Attorneys for convicted businessman Tom Petters are taking another shot at reducing his 50-year prison sentence.
The Star Tribune reports that attorney Steve Meshbesher said Monday that Petters deserves a hearing because the Wayzata businessman was not told about an offer for a 30-year sentence until after his conviction.
“Defendant Petters affirms that the very first time the 30-year cap was ever raised was during a meeting in the U.S. marshal’s holding cell immediately following his trial and conviction,” Meshbesher wrote in a brief filed with U.S.Distrct Court Judge Richard Kyle.
Prosecutors have argued that Petters was aware of the potential 30-year cap on a prison sentence and rejected it multiple times.
Meanwhile, the Business Journal reports that a new lawsuit seeks to have Edina's Crown Bank turn over $2 million in allegedly fraudulent transfers involving Petters.
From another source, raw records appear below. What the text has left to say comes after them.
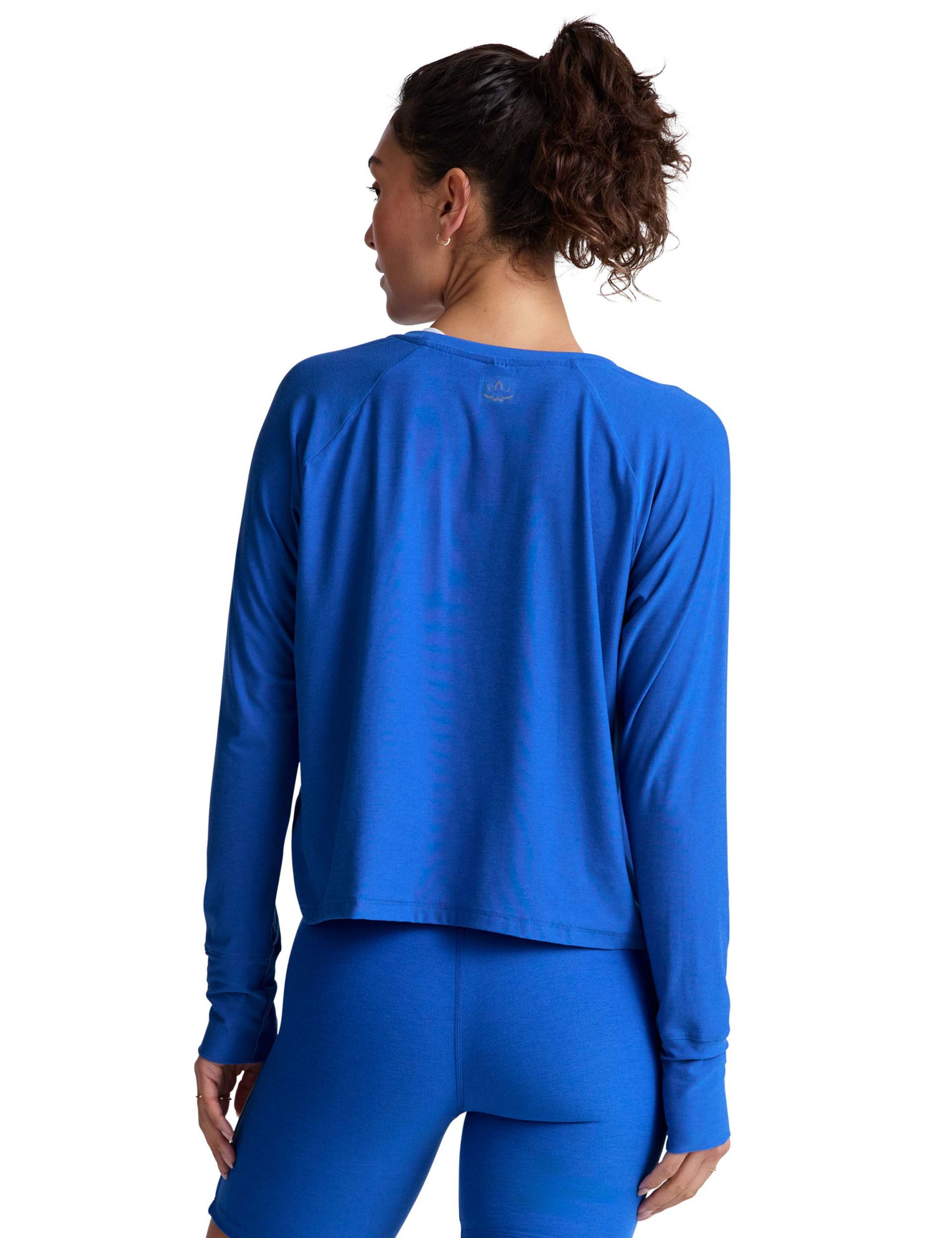 Featherweight Daydreamer Crew Neck Yoga Top 4 of 4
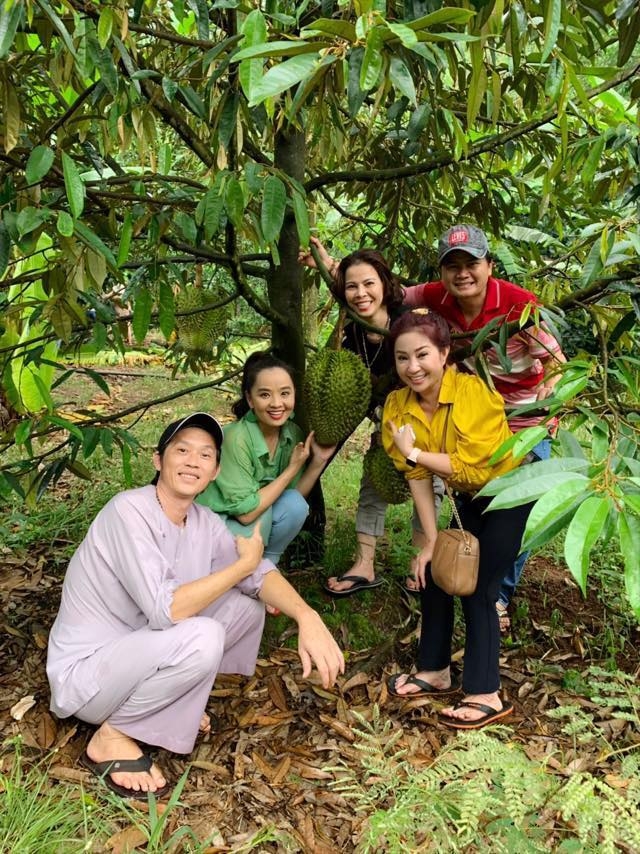 vang bong tai gameshow danh hai hoai linh huong thu cuoc song gian di
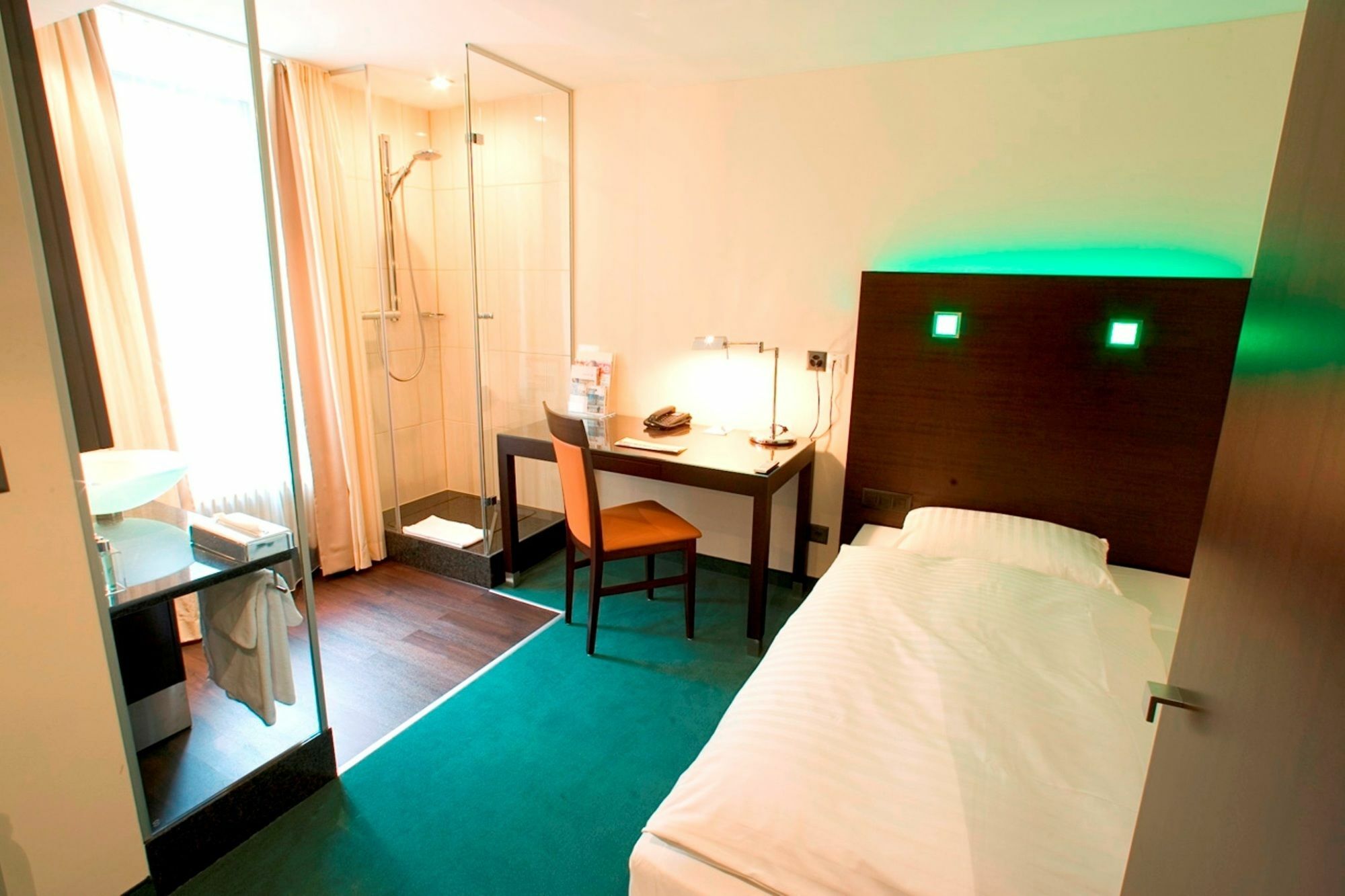 Stay2Night Bs Zurich Ngoại thất bức ảnh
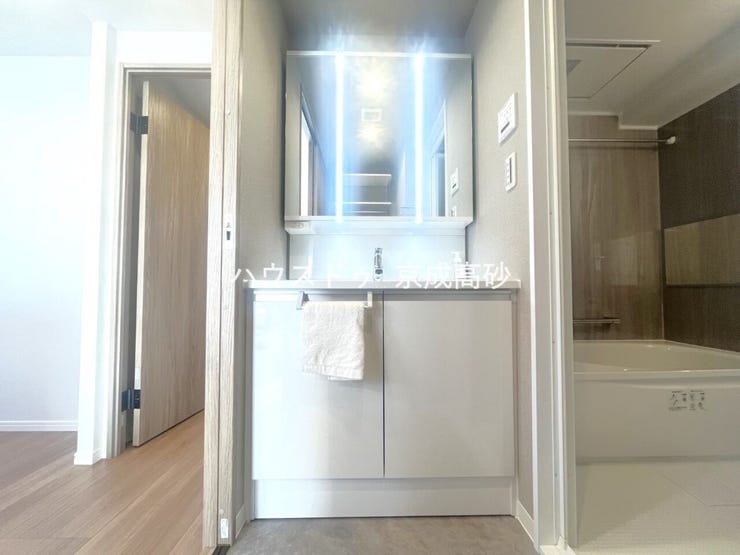 十分な大きさの洗面台は収納もさる事ながら、身だしなみチェックや歯磨きなど、朝の慌ただしい時間でもゆとりあるスペースで余裕を感じていただけます。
In the suit, receiver Doug Kelley said Crown Bank pressured Petters to pledge two properties as collateral for a line of credit the day after a federal raid on his home and business. The deal was illegitimate, Kelley's suit argues, because Crown was aware of the fraud and knew Petters couldn't repay the loan.
Crown CEO Peter Dahl told the Business Journal that the suit is "frivolous." He said a judge already upheld the mortgages.
Earlier this year Judge Kyle denied the U.S. Attorney's bid for control of the properties, saying that Crown Bank was also a victim.